I met Fig at a pet adoption fair a decade ago. I was actually looking for a kitten, a companion to help Missy, our other cat, shake off the depression she developed following the death of her companion. Although losing Tintalle, a friend for 17 years, was too open a wound to yet think about adding another to our household, I couldn't bear to see our remaining cat languish in depression - she had stopped eating and was pulling her fur out - so there I was. There was one kitten available that day, but it had already been adopted. One other cat interested me. He was grown, a large black and white domestic longhair with a sign posted on his cage: "Keep your fingers out! I bite!" He looked more miserable at being in such a noisy public place than dangerous, so I reached my fingers inside and rubbed his soft cheek. I felt the rumblings of a purr as he rubbed back against my hand, and I knew I had found a new friend. An application, interview, and some preliminary visits later Fig was home.

The cat rescue group told us that he had been found half-starved under some pipes beneath an apartment building in town. Apparently he had been abandoned by his previous owner when he left the building. His early experience didn't seem to dampen his ability to give and receive love, however, as Fig and I bonded quickly and deeply. To this day, he loves people, and happily greets visitors to our home with a swish of his stately plumed tail and a keen eye for potential treats.

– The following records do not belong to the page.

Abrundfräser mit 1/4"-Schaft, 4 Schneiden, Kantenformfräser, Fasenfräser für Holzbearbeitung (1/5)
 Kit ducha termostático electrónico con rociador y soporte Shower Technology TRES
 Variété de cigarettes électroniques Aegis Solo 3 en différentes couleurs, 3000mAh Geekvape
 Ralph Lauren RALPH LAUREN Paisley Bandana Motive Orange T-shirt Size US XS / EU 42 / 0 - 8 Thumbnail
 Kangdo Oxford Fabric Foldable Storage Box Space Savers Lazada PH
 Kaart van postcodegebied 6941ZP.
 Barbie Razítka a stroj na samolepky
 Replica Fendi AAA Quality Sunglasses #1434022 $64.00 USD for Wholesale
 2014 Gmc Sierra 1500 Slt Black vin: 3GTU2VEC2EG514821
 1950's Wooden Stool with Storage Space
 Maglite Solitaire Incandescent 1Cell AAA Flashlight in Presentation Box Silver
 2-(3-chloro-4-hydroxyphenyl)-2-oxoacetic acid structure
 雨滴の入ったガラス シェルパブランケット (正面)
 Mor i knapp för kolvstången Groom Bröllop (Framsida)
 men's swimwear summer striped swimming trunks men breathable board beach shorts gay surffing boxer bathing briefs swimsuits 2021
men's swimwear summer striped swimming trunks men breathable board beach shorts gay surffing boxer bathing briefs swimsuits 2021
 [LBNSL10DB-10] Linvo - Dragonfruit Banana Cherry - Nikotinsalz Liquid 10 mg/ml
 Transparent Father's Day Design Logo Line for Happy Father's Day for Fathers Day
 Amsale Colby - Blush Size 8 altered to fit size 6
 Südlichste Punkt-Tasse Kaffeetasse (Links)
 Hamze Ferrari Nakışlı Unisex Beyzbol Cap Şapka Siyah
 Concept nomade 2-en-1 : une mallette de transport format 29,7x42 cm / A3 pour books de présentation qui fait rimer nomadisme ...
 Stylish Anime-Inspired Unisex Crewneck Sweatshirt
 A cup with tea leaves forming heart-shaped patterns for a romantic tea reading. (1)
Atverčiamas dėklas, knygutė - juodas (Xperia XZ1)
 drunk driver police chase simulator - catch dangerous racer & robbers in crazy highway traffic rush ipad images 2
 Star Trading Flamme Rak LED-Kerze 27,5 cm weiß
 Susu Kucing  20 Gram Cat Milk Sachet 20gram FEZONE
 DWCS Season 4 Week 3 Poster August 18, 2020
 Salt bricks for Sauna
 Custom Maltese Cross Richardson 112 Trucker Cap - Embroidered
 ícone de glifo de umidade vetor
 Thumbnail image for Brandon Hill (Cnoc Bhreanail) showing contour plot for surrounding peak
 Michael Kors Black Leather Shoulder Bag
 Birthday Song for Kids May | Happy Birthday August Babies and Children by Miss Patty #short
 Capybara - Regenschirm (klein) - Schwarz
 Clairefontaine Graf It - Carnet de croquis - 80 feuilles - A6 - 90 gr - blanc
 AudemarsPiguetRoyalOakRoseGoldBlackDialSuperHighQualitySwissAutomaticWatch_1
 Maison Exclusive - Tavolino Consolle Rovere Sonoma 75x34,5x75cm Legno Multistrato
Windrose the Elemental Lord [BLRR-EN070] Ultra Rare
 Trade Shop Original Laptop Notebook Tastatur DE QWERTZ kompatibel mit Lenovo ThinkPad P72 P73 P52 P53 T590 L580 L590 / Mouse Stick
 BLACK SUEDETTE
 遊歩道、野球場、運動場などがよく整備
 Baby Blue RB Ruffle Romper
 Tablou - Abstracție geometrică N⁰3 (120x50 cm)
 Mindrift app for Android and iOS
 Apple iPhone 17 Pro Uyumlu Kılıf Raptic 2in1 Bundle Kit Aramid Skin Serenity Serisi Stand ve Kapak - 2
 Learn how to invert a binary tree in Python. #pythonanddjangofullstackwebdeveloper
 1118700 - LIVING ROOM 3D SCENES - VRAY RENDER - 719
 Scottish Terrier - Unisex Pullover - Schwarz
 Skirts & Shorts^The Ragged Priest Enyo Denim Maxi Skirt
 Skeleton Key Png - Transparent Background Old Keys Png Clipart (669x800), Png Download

Apart from some dental work and regular vaccinations, he has not needed much veterinary care, and always took to new situations with great equanimity. In November the only thing that came up during his exam was a borderline heart murmur. So at age 12, I assumed that he would be with us for another 5 at least. When I observed weight loss and a total loss of appetite, though, I knew something was seriously wrong. After an ultrasound, blood panel, and biopsy we learned that it was renal lymphoma.

There are days when I rage against the unfairness of the cancer, striking such a sweet, innocent creature. And there are days when I weep at the realization that he is going to leave us, probably much sooner than I had expected. I listen to the vet, with his warning that even with treatment, Fig may only have a few months left to live. I read about other cats with renal lymphona, and cling to stories such as that of the woman whose cat with a similar diagnosis lived for 2 full years beyond her projected demise. And then I agonize over what is the right thing to do for him: let the disease progress naturally? Fight it with steriods and chemotherapy? Moderate chemo or the more aggressive version? How will it impact the quality of his life? And how will I decide when, or if, euthanasia is the right option?

But while these questions hang over my head, there is still the business of daily living. Fig still expects to be fed, let out on the porch, cuddled. Last night he actually ate some catnip and played with my partner - something he hasn't done in weeks. Clearly the steroids are making him feel better, at least for the moment.